Но, невзирая на все похвалы и почести, к осени 1961 года Брун вдруг осознал, что достиг определенного предела в искусстве танца: «Казалось, вокруг нет ни одного другого танцовщика. Все смотрели на меня. Я чувствовал себя одиноким…»
Эрик неизменно вызывал восхищение зрителей непревзойденным мастерством и артистизмом, у него никогда не было достойного конкурента. Неожиданное появление невозвращенца из России пробудит его ото сна и даст новый стимул к соперничеству. Судьба вскоре даст ему почувствовать, что на свете существуют и другие, достойные признания танцовщики. Такие, как Рудольф Нуреев…
Перед тем как приехать в Копенгаген, Мария позвонила Эрику по телефону.
— Здесь есть кое-кто, желающий с тобой познакомиться. Его зовут Рудольф Нуреев.

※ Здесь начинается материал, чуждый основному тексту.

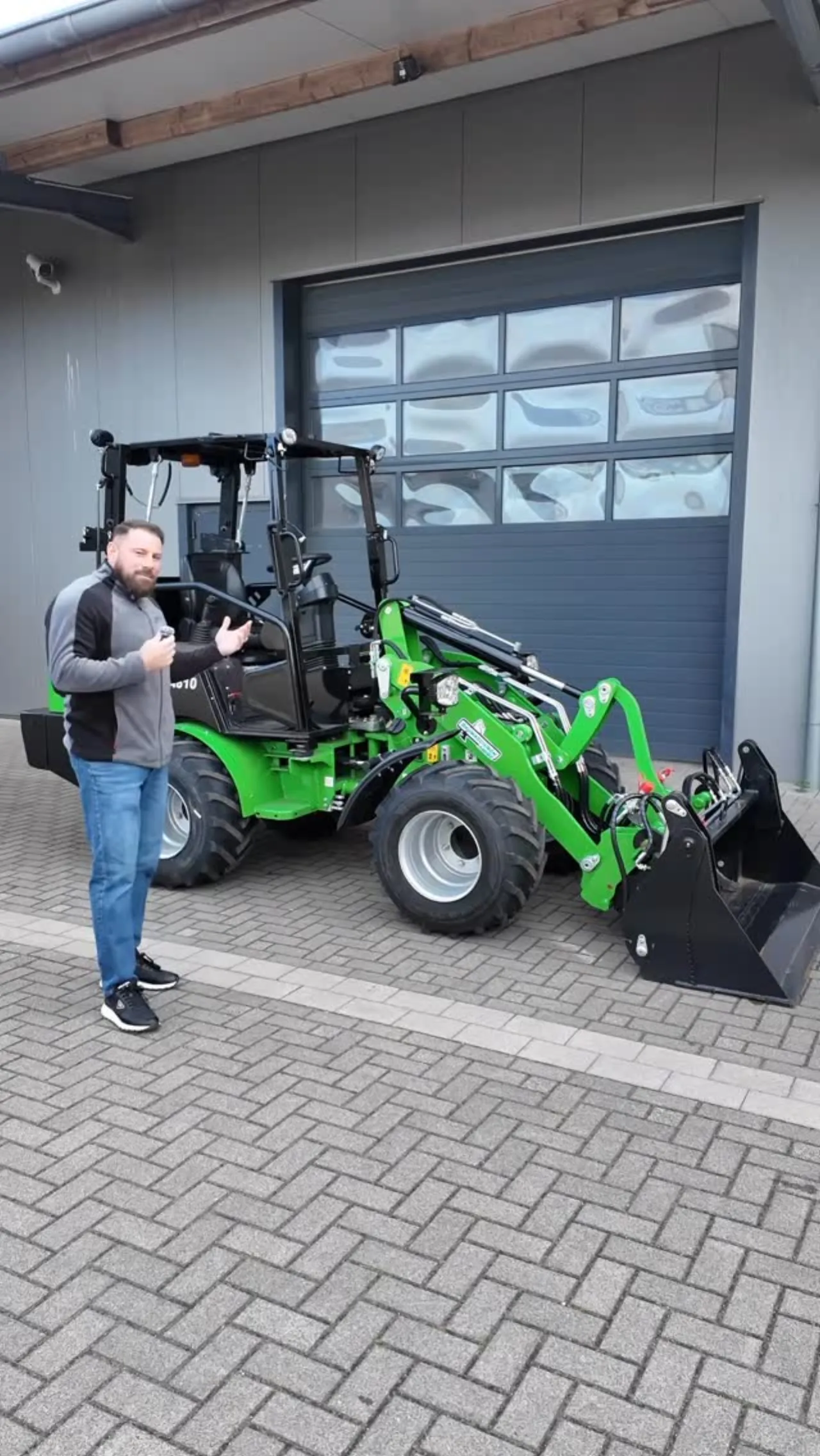 BMA Germany Baumaschinen 7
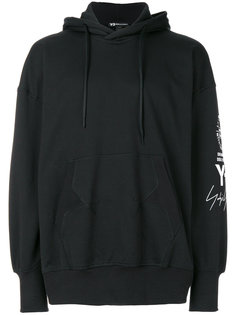 толстовка с логотипом  Y-3
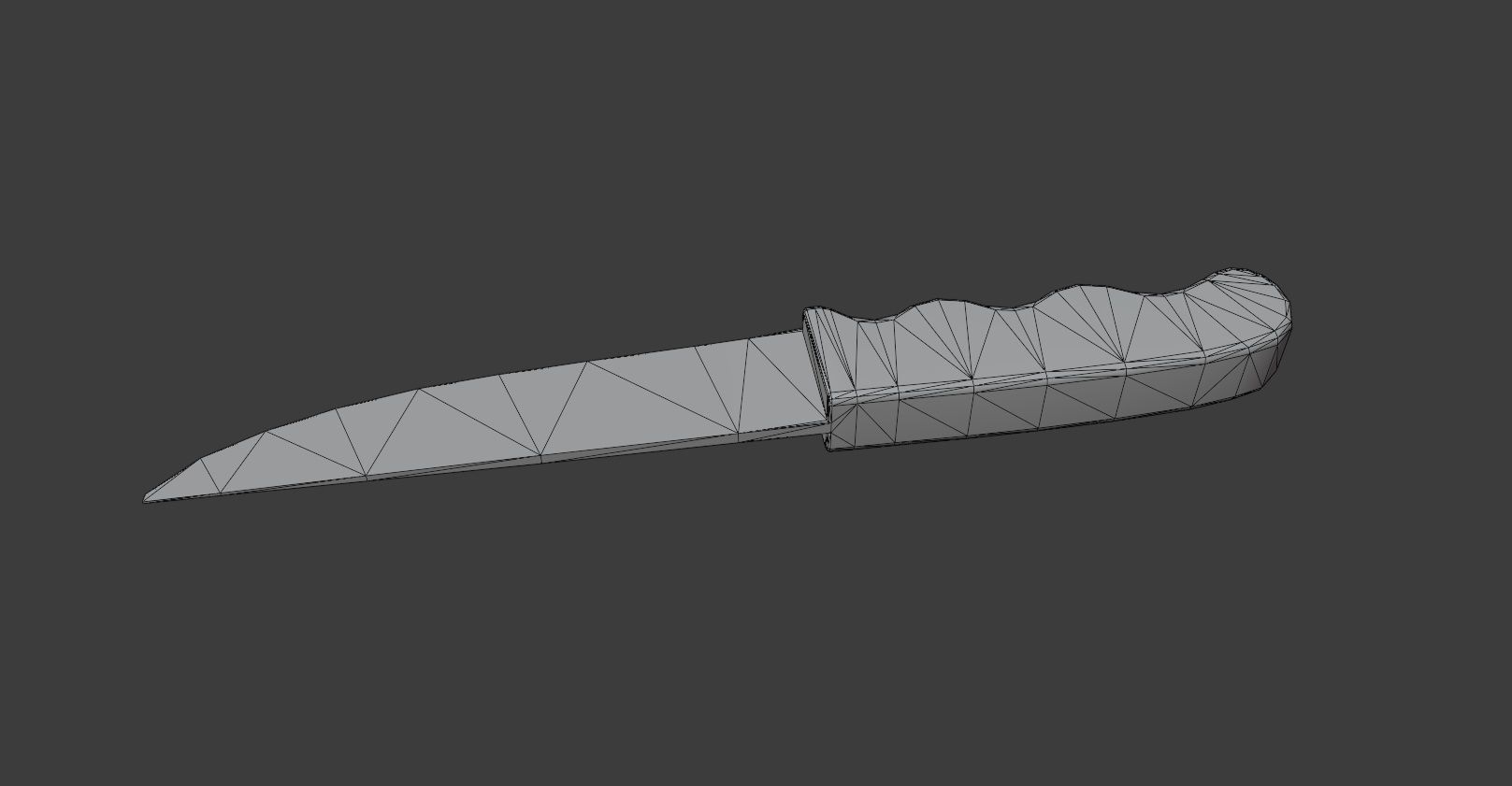  Cooking appliances Low-poly 3D model_23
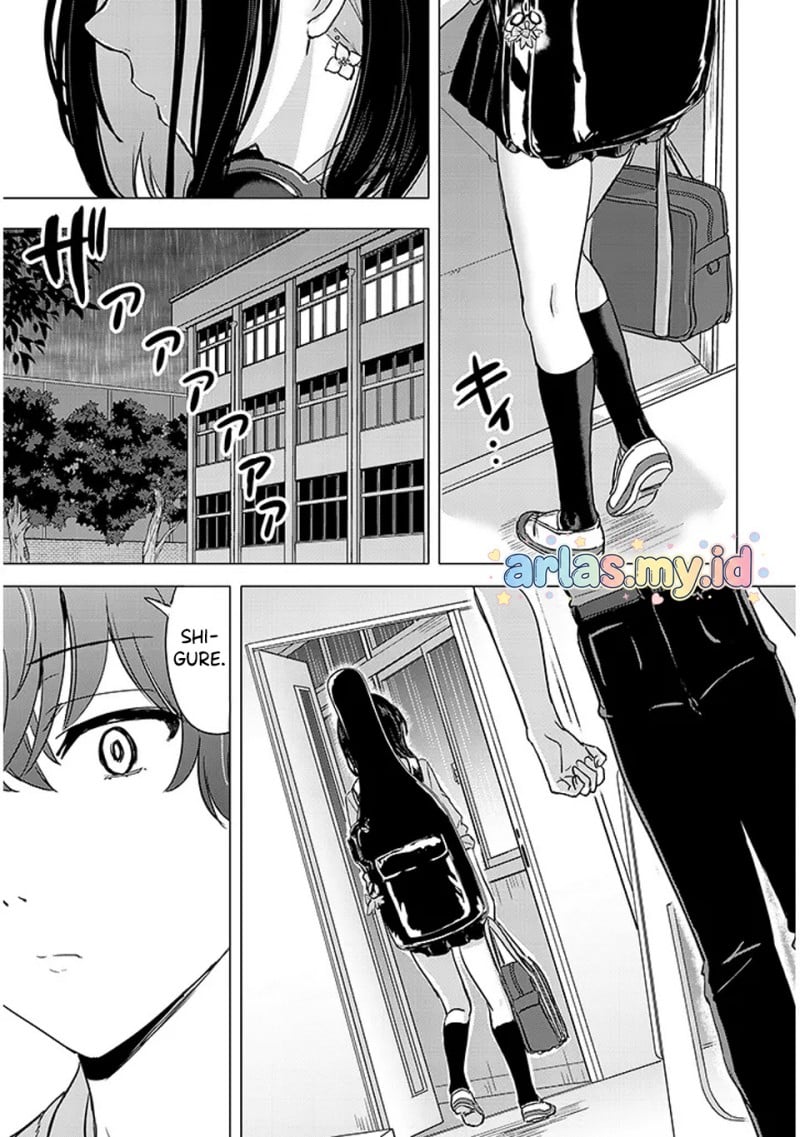 Baca Amamori Junna wa Shitsudo ga Takai - Chapter 1 halaman 38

Мария передала трубку Рудольфу, и так состоялось заочное знакомство двух танцовщиков. Как Мария жалела впоследствии о том, что способствовала этому! С первого же момента знакомства с Эриком этот странный татарин уже перестал принадлежать ей…
Вот как вспоминал Брун свою первую встречу с Нуреевым в отеле: «День шел к концу, и там было очень темно. Я поприветствовал Марию, и тут же сидел этот молодой танцовщик, небрежно одетый в свитер и слаксы. Я сел, посмотрел на него повнимательнее и увидел, что он весьма привлекателен. У него был определенный стиль… некий класс. Это нельзя назвать естественной элегантностью, но это каким-то образом производило впечатление. Он не слишком много говорил, может быть, потому, что еще не совсем хорошо владел английским. Ситуация была какой-то неловкой из-за моих отношений с Марией. Мы с ней пытались прикрыть это, слишком много и неестественно смеясь. Гораздо позже Рудик заметил, что ненавидит звук моего смеха… Но я ничего не мог больше сделать, чтобы провести тот час вместе с ними».
Нуреев был счастлив: его мечта исполнилась, он увидел, как танцует Эрик Брун. «Вот это школа! — рассказывал он впоследствии. — Я был счастлив, что он позволил мне быть возле него, видеть, как он работает, его технику. Нужно расширять свой кругозор. Русская школа страдает узостью и бедностью, там нет свободы в мышлении и танце. Это — долгая палка. Педагоги учат не технике, а манеризму. Поэтому и спектакли в России очень манерные, в них много кривляния».